**Data for this exercise**
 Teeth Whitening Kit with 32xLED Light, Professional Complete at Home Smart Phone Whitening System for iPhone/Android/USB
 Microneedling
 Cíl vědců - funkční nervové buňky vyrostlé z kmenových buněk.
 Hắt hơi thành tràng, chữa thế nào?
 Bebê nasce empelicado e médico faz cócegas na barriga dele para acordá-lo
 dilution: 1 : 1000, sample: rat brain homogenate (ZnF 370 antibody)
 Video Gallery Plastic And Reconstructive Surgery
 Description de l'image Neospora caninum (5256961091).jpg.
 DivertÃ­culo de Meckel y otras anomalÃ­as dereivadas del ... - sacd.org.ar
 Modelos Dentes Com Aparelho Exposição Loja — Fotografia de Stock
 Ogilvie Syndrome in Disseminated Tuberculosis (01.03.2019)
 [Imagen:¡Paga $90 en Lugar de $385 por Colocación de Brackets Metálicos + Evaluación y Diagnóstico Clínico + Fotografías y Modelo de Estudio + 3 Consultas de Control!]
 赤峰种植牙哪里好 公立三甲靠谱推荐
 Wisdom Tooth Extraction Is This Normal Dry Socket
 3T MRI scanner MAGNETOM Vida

**Problem description**
Your output should consist only of the lines from the one containing "Microneedling" to the end of the records above, each retyped exactly.

**Task output**
 Microneedling
 Cíl vědců - funkční nervové buňky vyrostlé z kmenových buněk.
 Hắt hơi thành tràng, chữa thế nào?
 Bebê nasce empelicado e médico faz cócegas na barriga dele para acordá-lo
 dilution: 1 : 1000, sample: rat brain homogenate (ZnF 370 antibody)
 Video Gallery Plastic And Reconstructive Surgery
 Description de l'image Neospora caninum (5256961091).jpg.
 DivertÃ­culo de Meckel y otras anomalÃ­as dereivadas del ... - sacd.org.ar
 Modelos Dentes Com Aparelho Exposição Loja — Fotografia de Stock
 Ogilvie Syndrome in Disseminated Tuberculosis (01.03.2019)
 [Imagen:¡Paga $90 en Lugar de $385 por Colocación de Brackets Metálicos + Evaluación y Diagnóstico Clínico + Fotografías y Modelo de Estudio + 3 Consultas de Control!]
 赤峰种植牙哪里好 公立三甲靠谱推荐
 Wisdom Tooth Extraction Is This Normal Dry Socket
 3T MRI scanner MAGNETOM Vida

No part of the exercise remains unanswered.